Your assignment:
An exact copy of all the data below is needed.

[Scraped caption text data]
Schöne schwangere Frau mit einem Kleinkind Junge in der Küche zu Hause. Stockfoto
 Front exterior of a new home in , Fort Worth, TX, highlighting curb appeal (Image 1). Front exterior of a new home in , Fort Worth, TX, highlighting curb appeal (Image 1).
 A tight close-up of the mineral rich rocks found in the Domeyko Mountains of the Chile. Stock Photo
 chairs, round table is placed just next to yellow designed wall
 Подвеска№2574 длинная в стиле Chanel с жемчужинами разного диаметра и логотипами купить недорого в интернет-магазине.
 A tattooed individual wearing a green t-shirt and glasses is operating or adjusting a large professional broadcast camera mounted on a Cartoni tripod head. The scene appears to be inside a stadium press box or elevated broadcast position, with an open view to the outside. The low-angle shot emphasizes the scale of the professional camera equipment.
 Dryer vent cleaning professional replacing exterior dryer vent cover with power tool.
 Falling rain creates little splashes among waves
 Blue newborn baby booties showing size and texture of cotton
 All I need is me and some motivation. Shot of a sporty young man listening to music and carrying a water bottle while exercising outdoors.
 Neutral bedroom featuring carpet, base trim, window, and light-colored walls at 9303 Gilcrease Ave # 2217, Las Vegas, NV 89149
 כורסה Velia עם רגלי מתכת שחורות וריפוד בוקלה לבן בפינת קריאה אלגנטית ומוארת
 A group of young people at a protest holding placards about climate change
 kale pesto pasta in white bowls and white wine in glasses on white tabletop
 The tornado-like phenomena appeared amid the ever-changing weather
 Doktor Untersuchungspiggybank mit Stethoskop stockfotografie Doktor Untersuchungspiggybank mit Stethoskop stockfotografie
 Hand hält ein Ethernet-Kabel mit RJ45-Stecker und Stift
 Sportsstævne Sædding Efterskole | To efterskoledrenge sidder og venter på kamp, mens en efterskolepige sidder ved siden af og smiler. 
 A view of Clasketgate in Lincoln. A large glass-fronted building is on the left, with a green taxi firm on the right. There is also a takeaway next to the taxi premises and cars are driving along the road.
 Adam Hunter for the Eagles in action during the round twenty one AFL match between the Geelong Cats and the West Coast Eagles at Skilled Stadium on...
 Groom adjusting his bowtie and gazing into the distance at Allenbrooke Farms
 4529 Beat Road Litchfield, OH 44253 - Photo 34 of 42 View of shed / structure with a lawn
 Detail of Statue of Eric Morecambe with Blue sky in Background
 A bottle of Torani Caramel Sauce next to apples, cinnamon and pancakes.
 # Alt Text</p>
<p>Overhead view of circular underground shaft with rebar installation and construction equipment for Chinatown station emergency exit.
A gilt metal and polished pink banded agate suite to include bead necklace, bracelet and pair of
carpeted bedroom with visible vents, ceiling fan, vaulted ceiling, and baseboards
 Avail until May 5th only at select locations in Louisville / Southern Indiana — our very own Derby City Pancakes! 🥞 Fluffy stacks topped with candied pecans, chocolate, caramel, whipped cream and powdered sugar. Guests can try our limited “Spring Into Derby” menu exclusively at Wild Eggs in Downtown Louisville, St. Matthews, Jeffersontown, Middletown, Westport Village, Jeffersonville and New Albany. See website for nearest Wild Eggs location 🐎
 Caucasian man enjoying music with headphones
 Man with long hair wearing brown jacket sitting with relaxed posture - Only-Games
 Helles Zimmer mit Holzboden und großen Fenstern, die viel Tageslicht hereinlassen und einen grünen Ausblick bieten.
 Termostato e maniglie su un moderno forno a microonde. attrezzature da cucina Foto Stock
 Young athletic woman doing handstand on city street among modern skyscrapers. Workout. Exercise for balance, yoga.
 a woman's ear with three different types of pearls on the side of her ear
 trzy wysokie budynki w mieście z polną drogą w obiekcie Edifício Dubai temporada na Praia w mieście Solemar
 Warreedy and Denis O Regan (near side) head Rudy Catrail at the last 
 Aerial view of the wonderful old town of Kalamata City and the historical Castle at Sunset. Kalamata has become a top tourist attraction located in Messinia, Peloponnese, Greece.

Reply:
Schöne schwangere Frau mit einem Kleinkind Junge in der Küche zu Hause. Stockfoto
 Front exterior of a new home in , Fort Worth, TX, highlighting curb appeal (Image 1). Front exterior of a new home in , Fort Worth, TX, highlighting curb appeal (Image 1).
 A tight close-up of the mineral rich rocks found in the Domeyko Mountains of the Chile. Stock Photo
 chairs, round table is placed just next to yellow designed wall
 Подвеска№2574 длинная в стиле Chanel с жемчужинами разного диаметра и логотипами купить недорого в интернет-магазине.
 A tattooed individual wearing a green t-shirt and glasses is operating or adjusting a large professional broadcast camera mounted on a Cartoni tripod head. The scene appears to be inside a stadium press box or elevated broadcast position, with an open view to the outside. The low-angle shot emphasizes the scale of the professional camera equipment.
 Dryer vent cleaning professional replacing exterior dryer vent cover with power tool.
 Falling rain creates little splashes among waves
 Blue newborn baby booties showing size and texture of cotton
 All I need is me and some motivation. Shot of a sporty young man listening to music and carrying a water bottle while exercising outdoors.
 Neutral bedroom featuring carpet, base trim, window, and light-colored walls at 9303 Gilcrease Ave # 2217, Las Vegas, NV 89149
 כורסה Velia עם רגלי מתכת שחורות וריפוד בוקלה לבן בפינת קריאה אלגנטית ומוארת
 A group of young people at a protest holding placards about climate change
 kale pesto pasta in white bowls and white wine in glasses on white tabletop
 The tornado-like phenomena appeared amid the ever-changing weather
 Doktor Untersuchungspiggybank mit Stethoskop stockfotografie Doktor Untersuchungspiggybank mit Stethoskop stockfotografie
 Hand hält ein Ethernet-Kabel mit RJ45-Stecker und Stift
 Sportsstævne Sædding Efterskole | To efterskoledrenge sidder og venter på kamp, mens en efterskolepige sidder ved siden af og smiler. 
 A view of Clasketgate in Lincoln. A large glass-fronted building is on the left, with a green taxi firm on the right. There is also a takeaway next to the taxi premises and cars are driving along the road.
 Adam Hunter for the Eagles in action during the round twenty one AFL match between the Geelong Cats and the West Coast Eagles at Skilled Stadium on...
 Groom adjusting his bowtie and gazing into the distance at Allenbrooke Farms
 4529 Beat Road Litchfield, OH 44253 - Photo 34 of 42 View of shed / structure with a lawn
 Detail of Statue of Eric Morecambe with Blue sky in Background
 A bottle of Torani Caramel Sauce next to apples, cinnamon and pancakes.
 # Alt Text</p>
<p>Overhead view of circular underground shaft with rebar installation and construction equipment for Chinatown station emergency exit.
A gilt metal and polished pink banded agate suite to include bead necklace, bracelet and pair of
carpeted bedroom with visible vents, ceiling fan, vaulted ceiling, and baseboards
 Avail until May 5th only at select locations in Louisville / Southern Indiana — our very own Derby City Pancakes! 🥞 Fluffy stacks topped with candied pecans, chocolate, caramel, whipped cream and powdered sugar. Guests can try our limited “Spring Into Derby” menu exclusively at Wild Eggs in Downtown Louisville, St. Matthews, Jeffersontown, Middletown, Westport Village, Jeffersonville and New Albany. See website for nearest Wild Eggs location 🐎
 Caucasian man enjoying music with headphones
 Man with long hair wearing brown jacket sitting with relaxed posture - Only-Games
 Helles Zimmer mit Holzboden und großen Fenstern, die viel Tageslicht hereinlassen und einen grünen Ausblick bieten.
 Termostato e maniglie su un moderno forno a microonde. attrezzature da cucina Foto Stock
 Young athletic woman doing handstand on city street among modern skyscrapers. Workout. Exercise for balance, yoga.
 a woman's ear with three different types of pearls on the side of her ear
 trzy wysokie budynki w mieście z polną drogą w obiekcie Edifício Dubai temporada na Praia w mieście Solemar
 Warreedy and Denis O Regan (near side) head Rudy Catrail at the last 
 Aerial view of the wonderful old town of Kalamata City and the historical Castle at Sunset. Kalamata has become a top tourist attraction located in Messinia, Peloponnese, Greece.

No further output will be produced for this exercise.